— What you will do —
Return only the lines from the top of the data down to the one that holds "Doppel- oder Zweibettzimmer", both included, without any pictures.

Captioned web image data
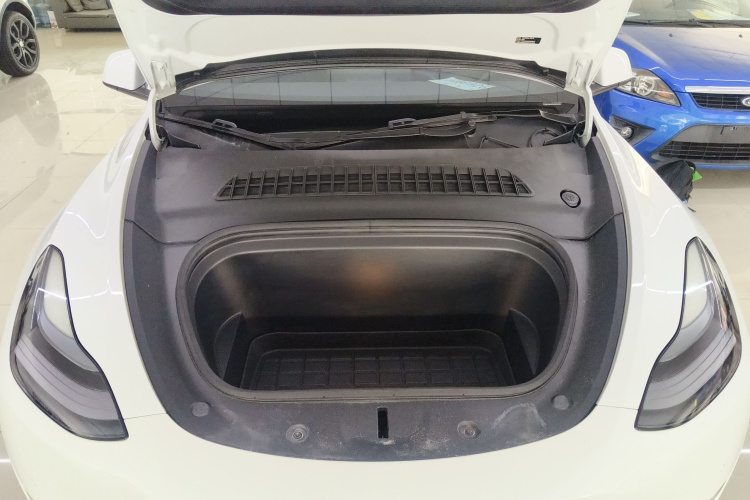 特斯拉 Model Y 2022款 长续航全轮驱动版局部细节24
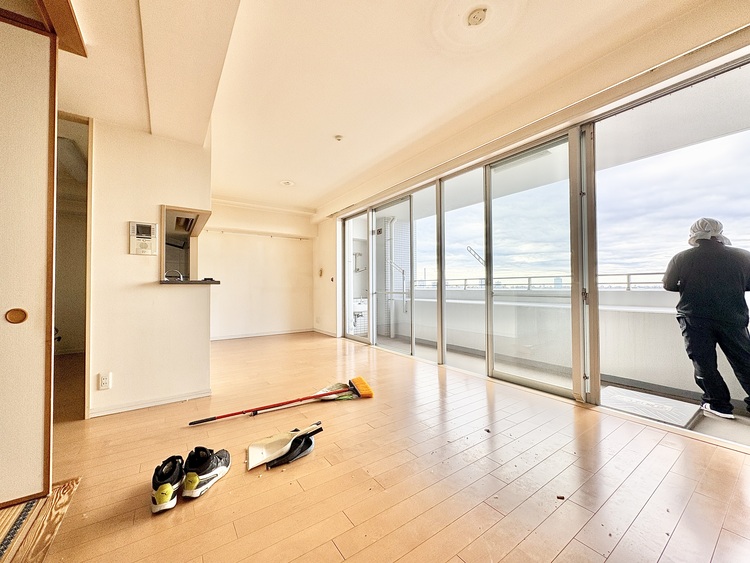 内装 ◆リビング◆そこには目を輝かせ笑顔で見つめてくれる君がいて、「おかえり」の言葉がこだまする。何気ない日々の挨拶は僕にとっては幸せで、同時に君の瞳にも恋している。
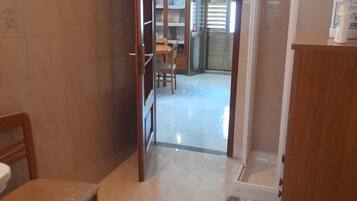 Doppel- oder Zweibettzimmer | Badezimmer | Kostenlose Toilettenartikel, Haartrockner, Bademäntel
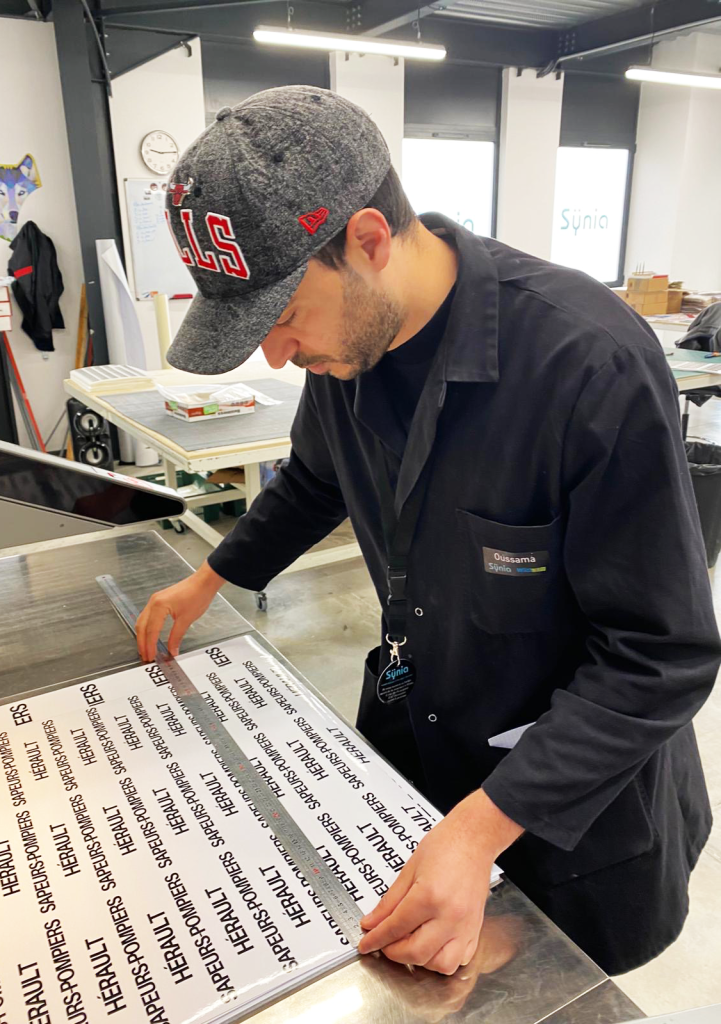 Sÿnia ; étiquettes adhésives ; marquage ; domings ; RSE ; étiquettes en relief ; étiquettes 3D ;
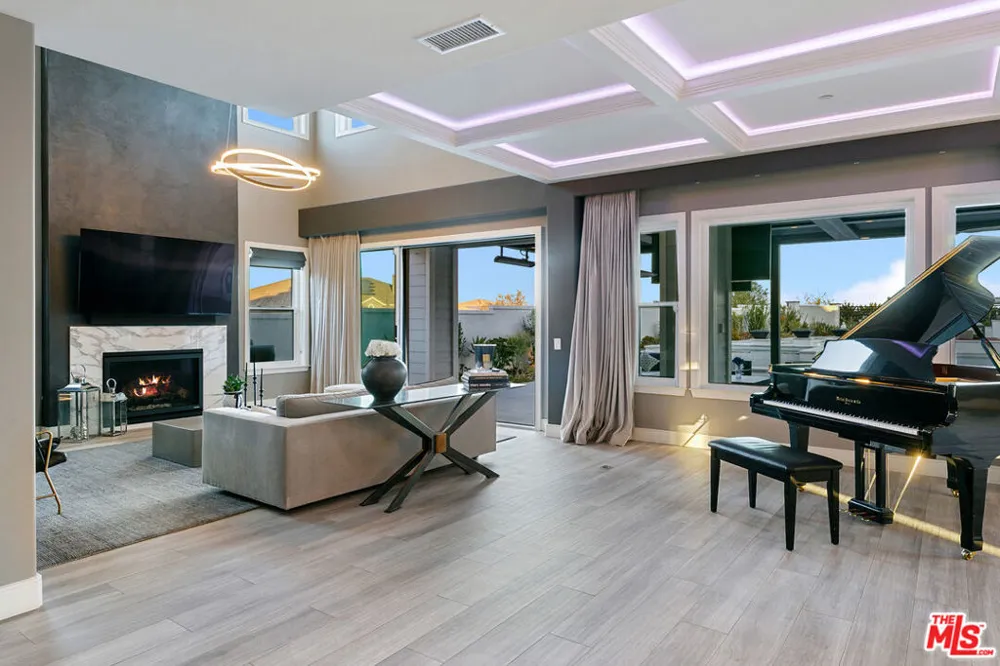 18548 Clydesdale Road Granada Hills, CA 91344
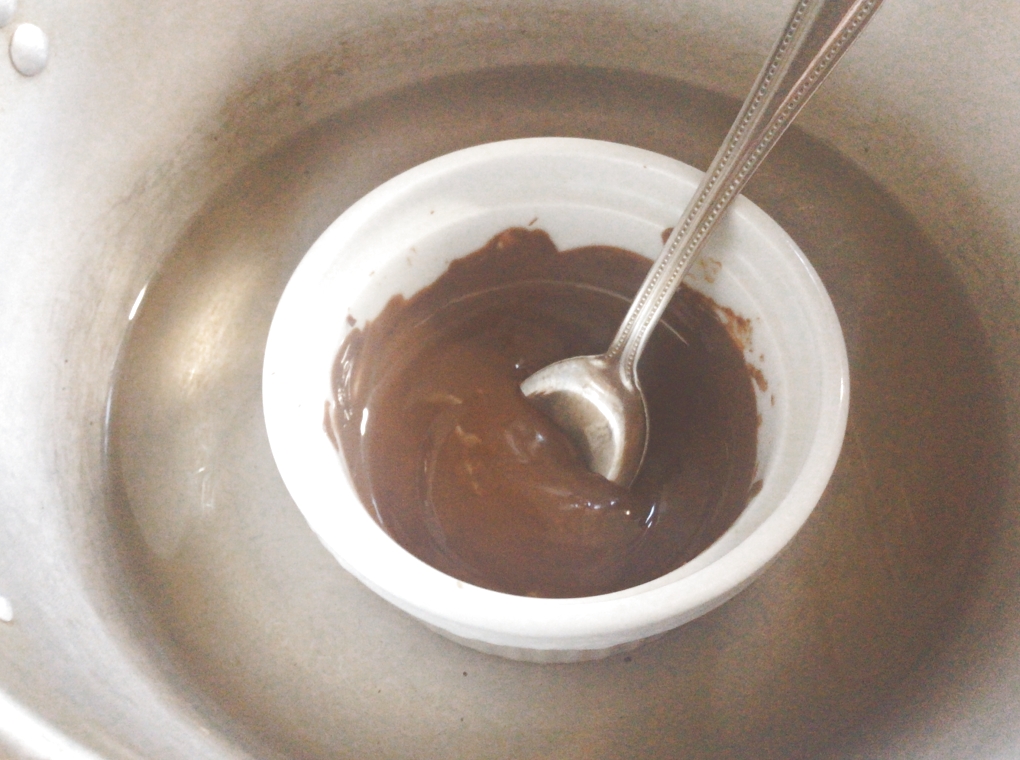 チョコレートを湯煎にかける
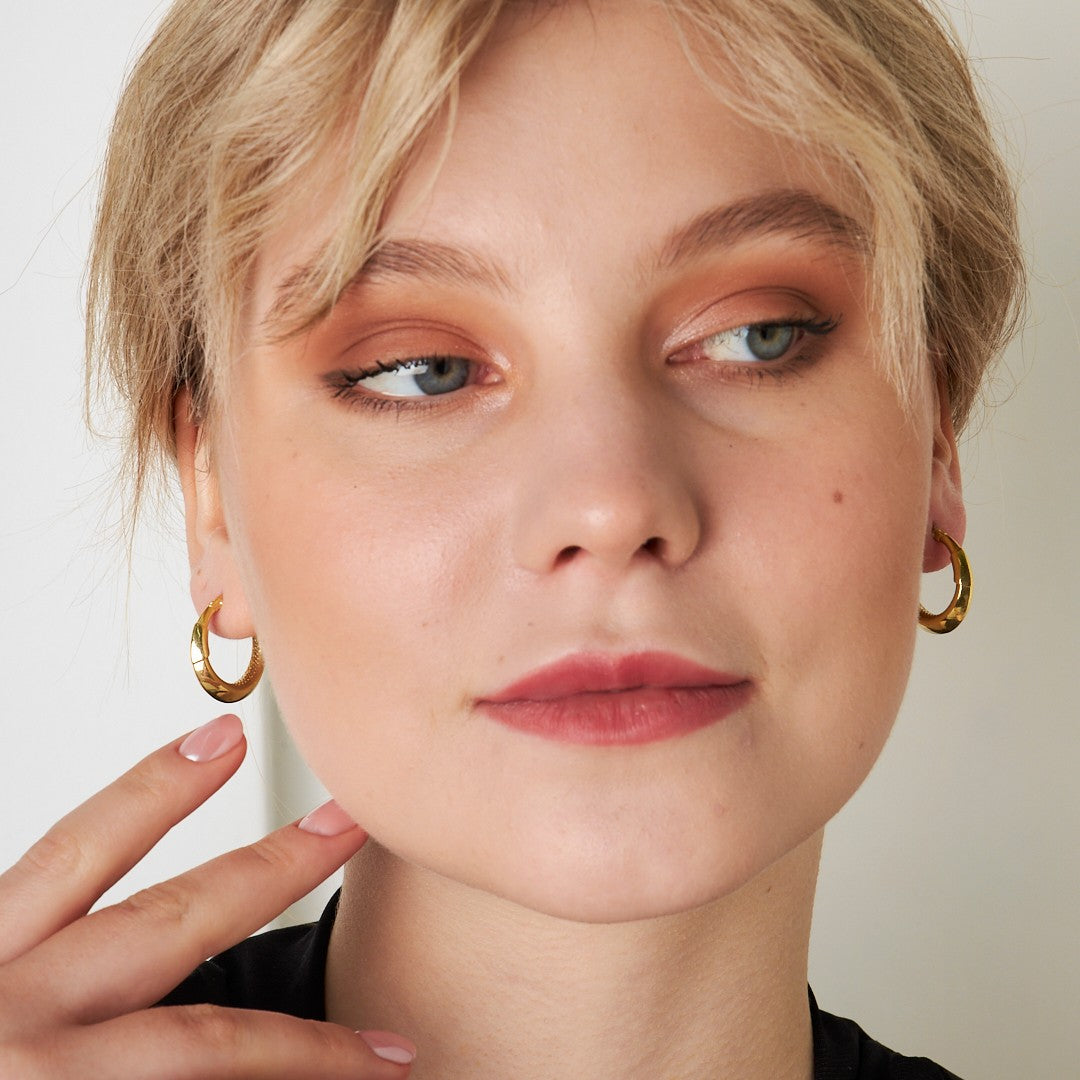 İki Desenli Küpeler - 925 GÜMÜŞ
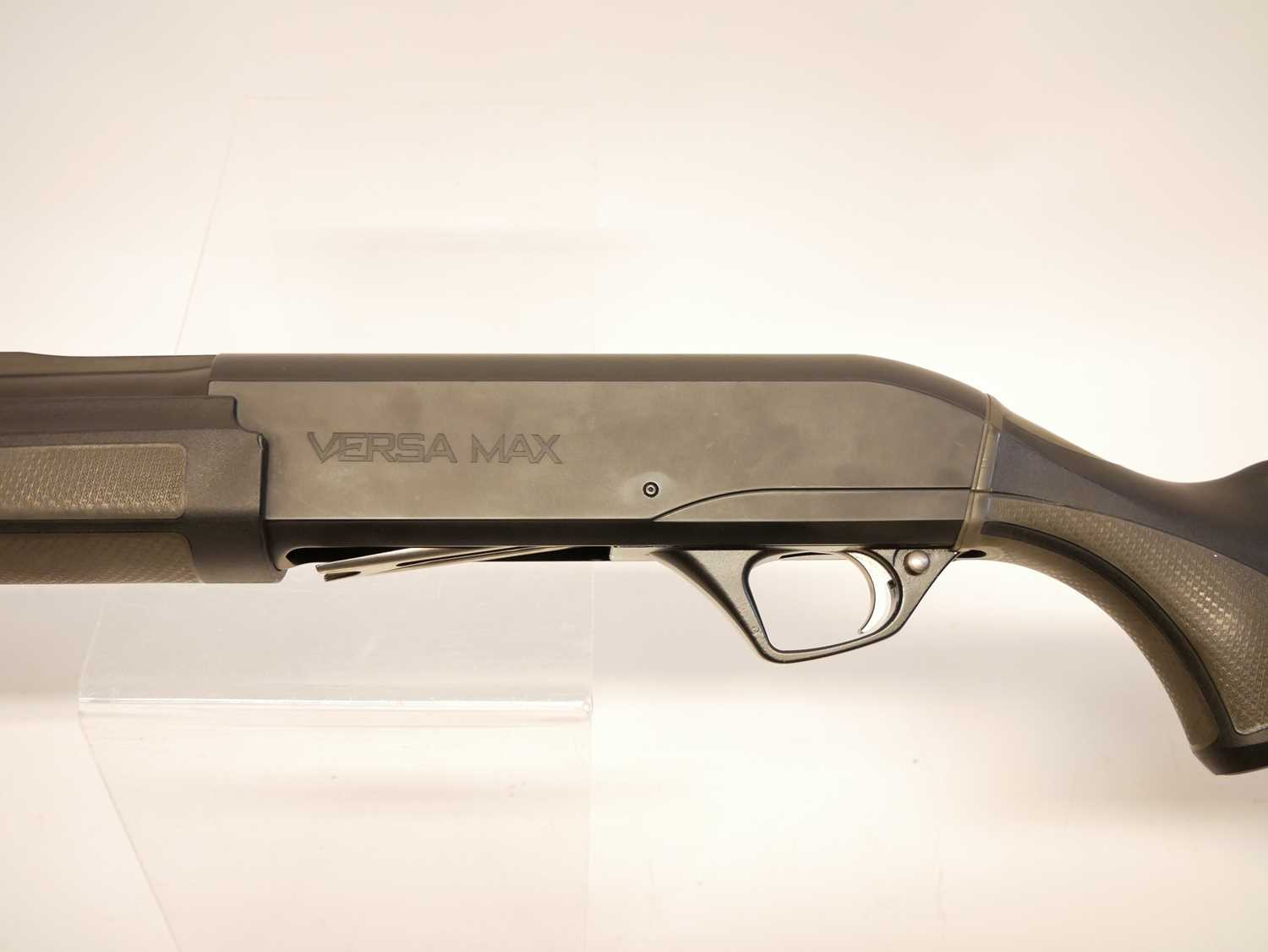 Remington Versa Max 12 bore semi auto shotgun LICENCE REQUIRED - Image 9 of 10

— Result of this task —
 特斯拉 Model Y 2022款 长续航全轮驱动版局部细节24
 内装 ◆リビング◆そこには目を輝かせ笑顔で見つめてくれる君がいて、「おかえり」の言葉がこだまする。何気ない日々の挨拶は僕にとっては幸せで、同時に君の瞳にも恋している。
 Doppel- oder Zweibettzimmer | Badezimmer | Kostenlose Toilettenartikel, Haartrockner, Bademäntel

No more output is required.